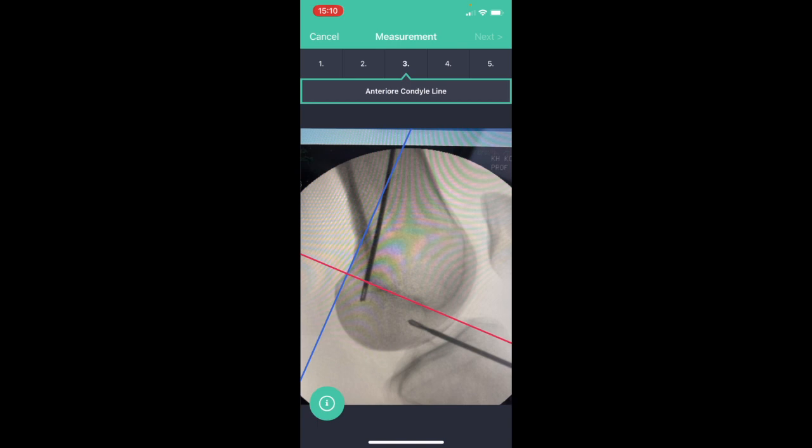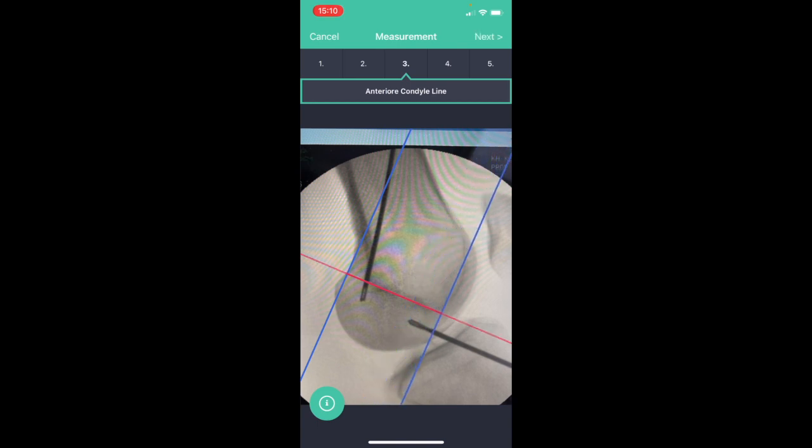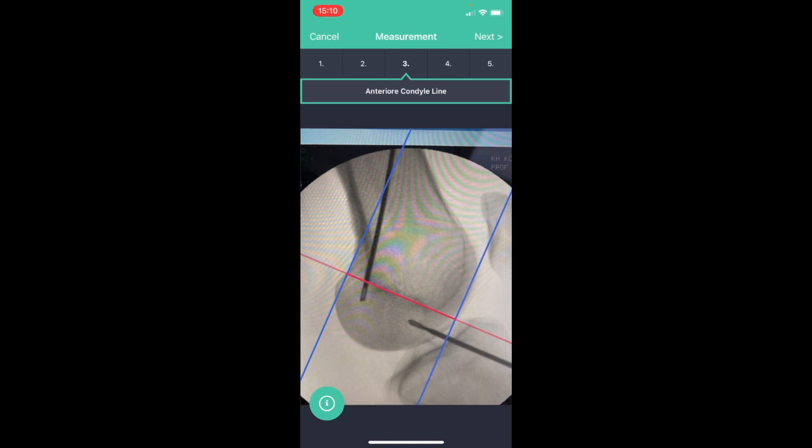I move to the next step. I establish a third line, another blue line, perpendicular to the red line and establish the anterior condyle line.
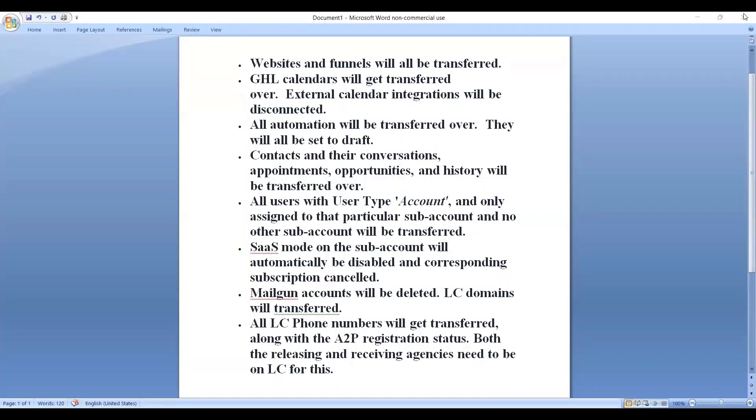Hello everyone. Today we are going to check a new feature in Go High Level that is how to use in-app sub-account transfers.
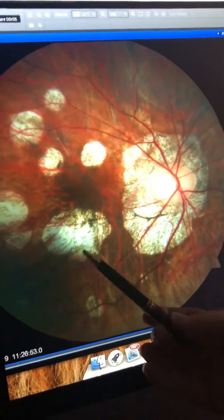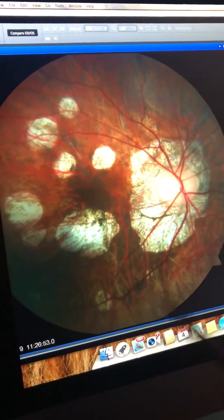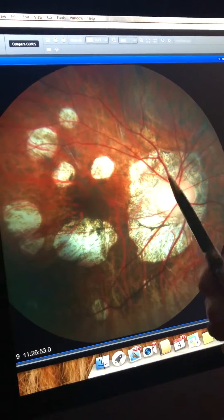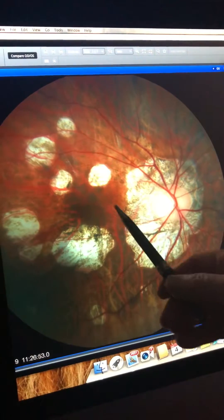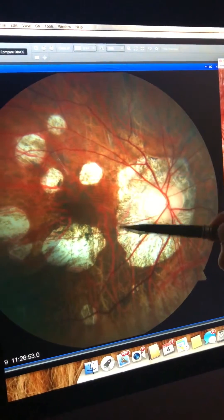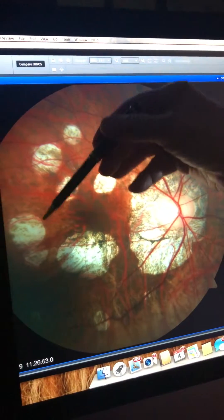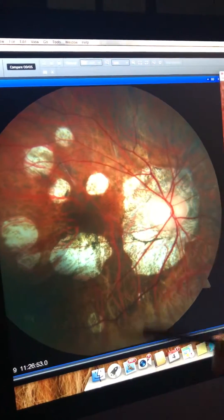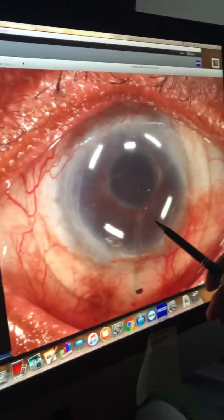We're fitting this patient with a special contact lens to give her some vision. This is her good eye, by the way, and with this special scleral lens she'll be able to see approximately 20/40 vision with this eye.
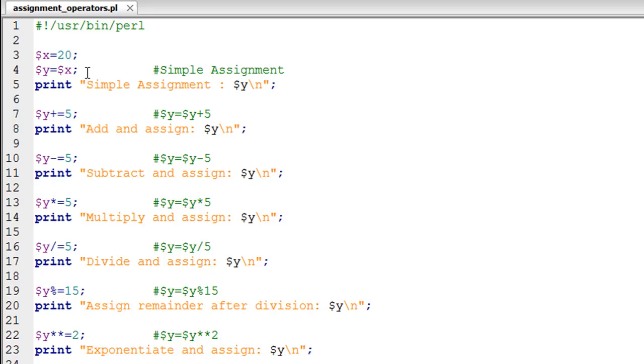On line number five, I have a print statement that will first show the text 'simple assignment', display a colon, and then show the value in Y. We should get 20 as the output for the print statement on line number five.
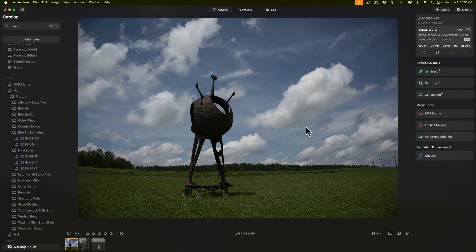For example, I have this image here. You can see it has a lot of darker areas. The trees in the background and the sculpture are very dark, and the sky has some very bright areas, the clouds.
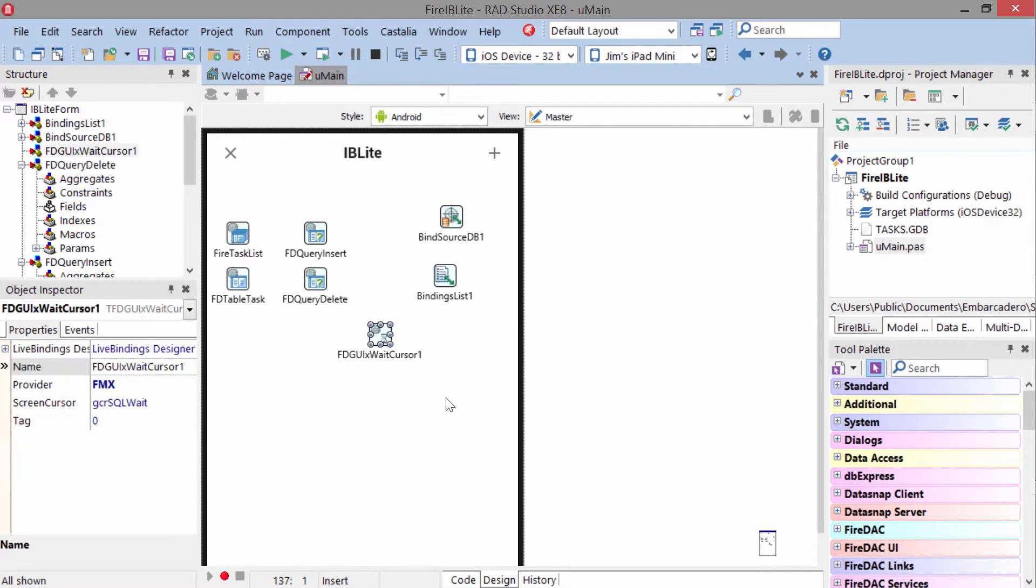Whenever you're working with FireDAC, you want to make sure you include a wait cursor component for your application deployment. Otherwise, when you run it, you will get an error saying you need to add that.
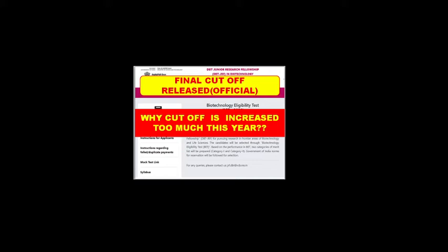Hello friends, welcome back to my YouTube channel Nurse in Paris Alain. In today's video, we are going to discuss the cutoff released for DBT-BET Junior Research Fellowship exam.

TASK DIRECTIONS: Leave the pictures out. Output, exactly, the lines of the material above starting at the line containing "Hello everyone. Today" and ending at the line containing "We're fitting this".

OUTPUT FOR THIS TASK:
Hello everyone. Today we are going to check a new feature in Go High Level that is how to use in-app sub-account transfers.
We're fitting this patient with a special contact lens to give her some vision. This is her good eye, by the way, and with this special scleral lens she'll be able to see approximately 20/40 vision with this eye.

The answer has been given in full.